## Task brief
Below is a listing to transcribe in full and exactly; keep the pictures out.

## Data
· · · · ·

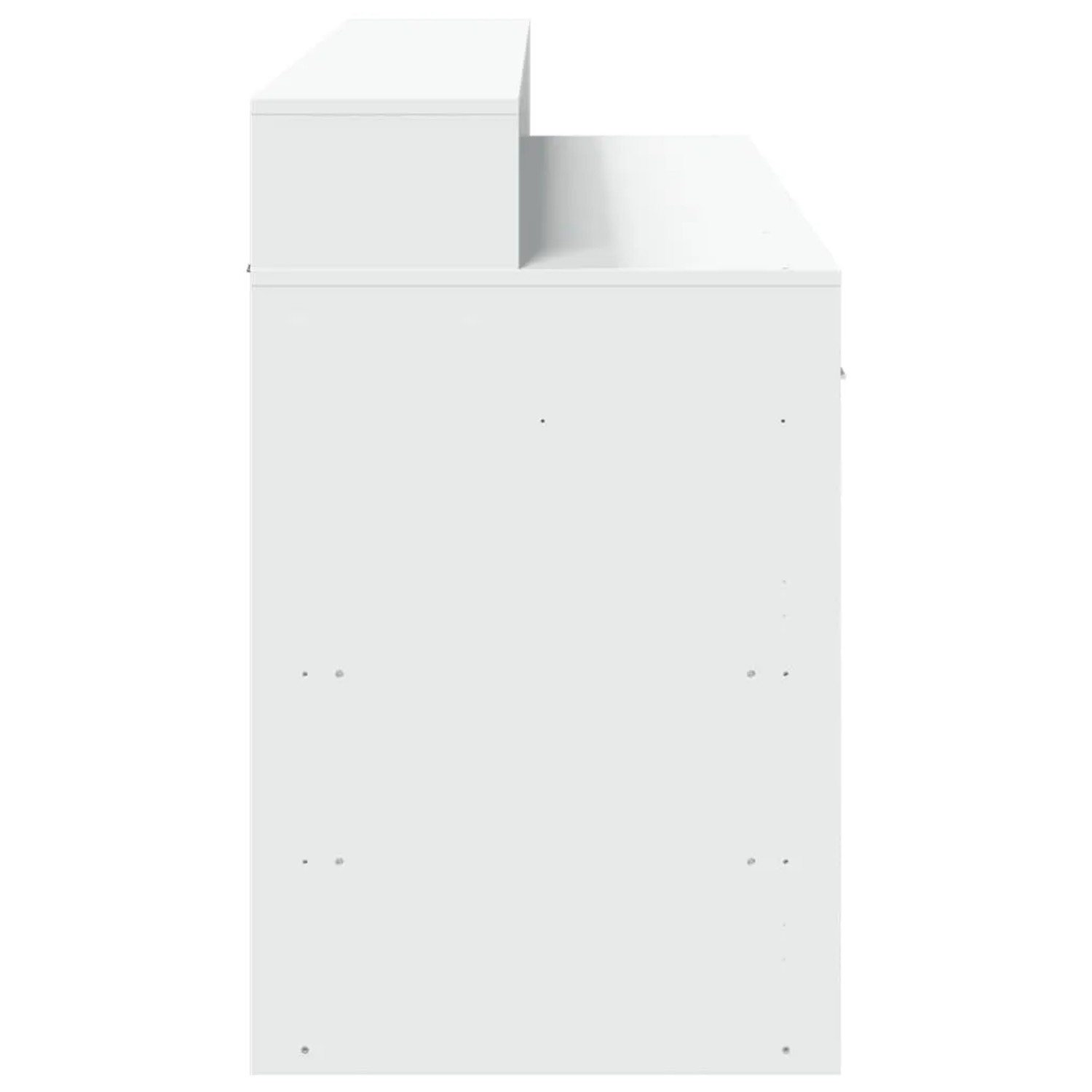 Seitenansicht des weißen vidaXL LED-Schreibtischs aus Holzwerkstoff mit erhöhter Ablagefläche für Büro.
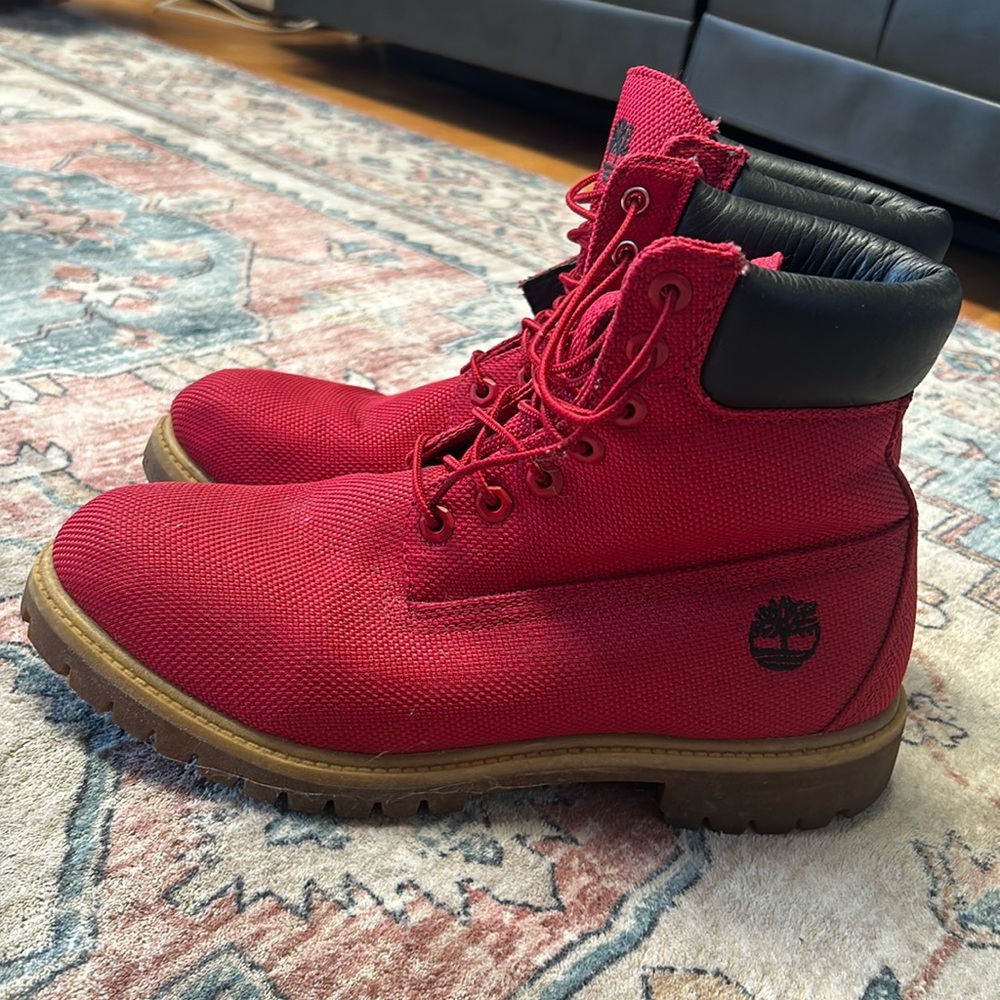 Red Woven Timberland Boots size 10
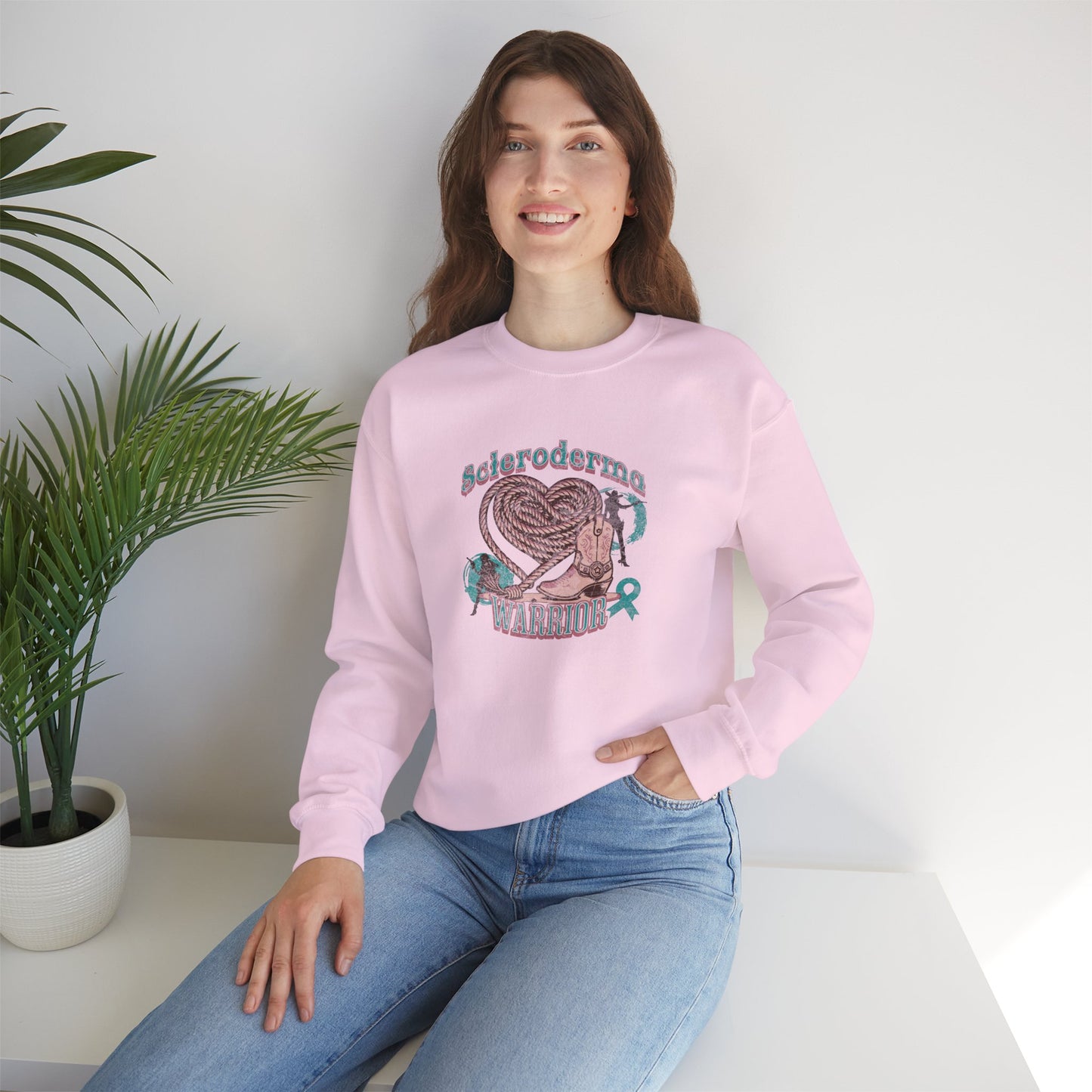 Scleroderma Warrior Valentine western themed Unisex Crewneck Sweatshirt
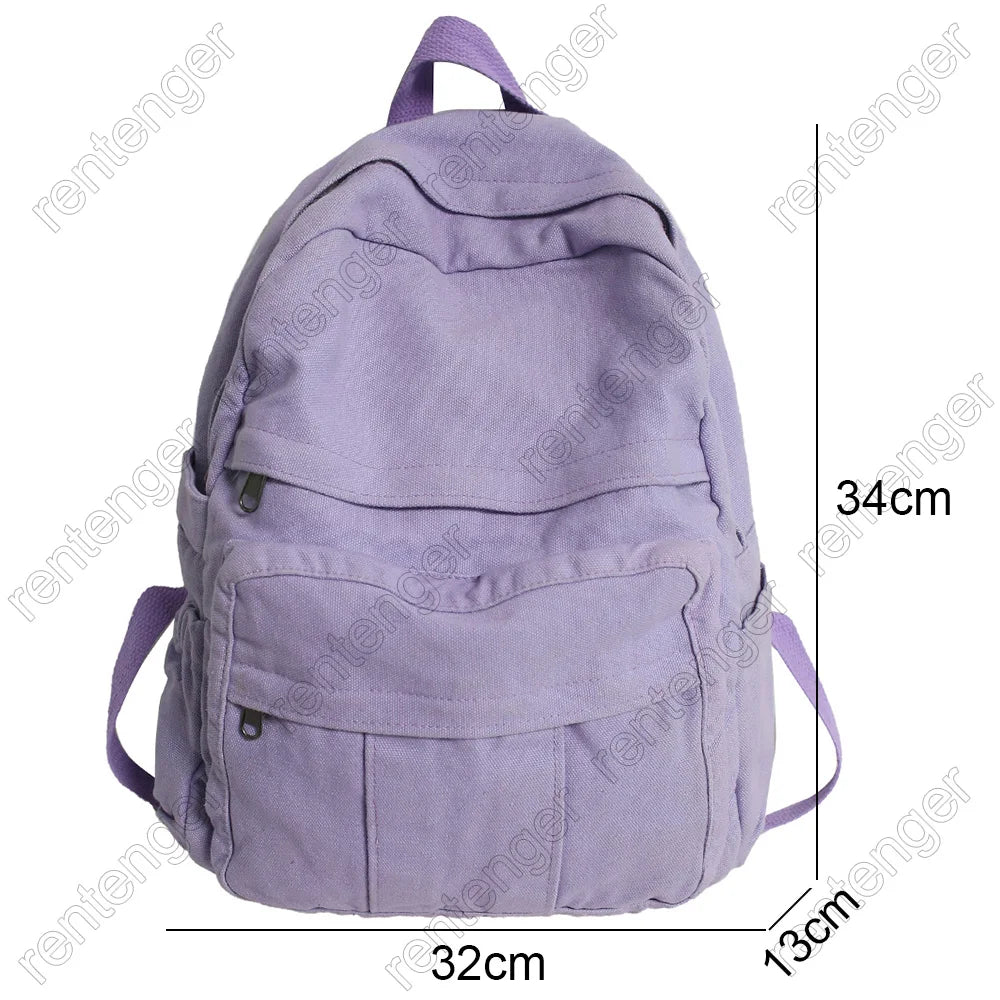 Sac à Dos Femme Canvas Vintage Kawaii – 32x13x34 cm | Laptop | École & Voyage | Noir Vert Violet Kaki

· · · · ·

## Your solution
 Seitenansicht des weißen vidaXL LED-Schreibtischs aus Holzwerkstoff mit erhöhter Ablagefläche für Büro.
 Red Woven Timberland Boots size 10
 Scleroderma Warrior Valentine western themed Unisex Crewneck Sweatshirt
 Sac à Dos Femme Canvas Vintage Kawaii – 32x13x34 cm | Laptop | École & Voyage | Noir Vert Violet Kaki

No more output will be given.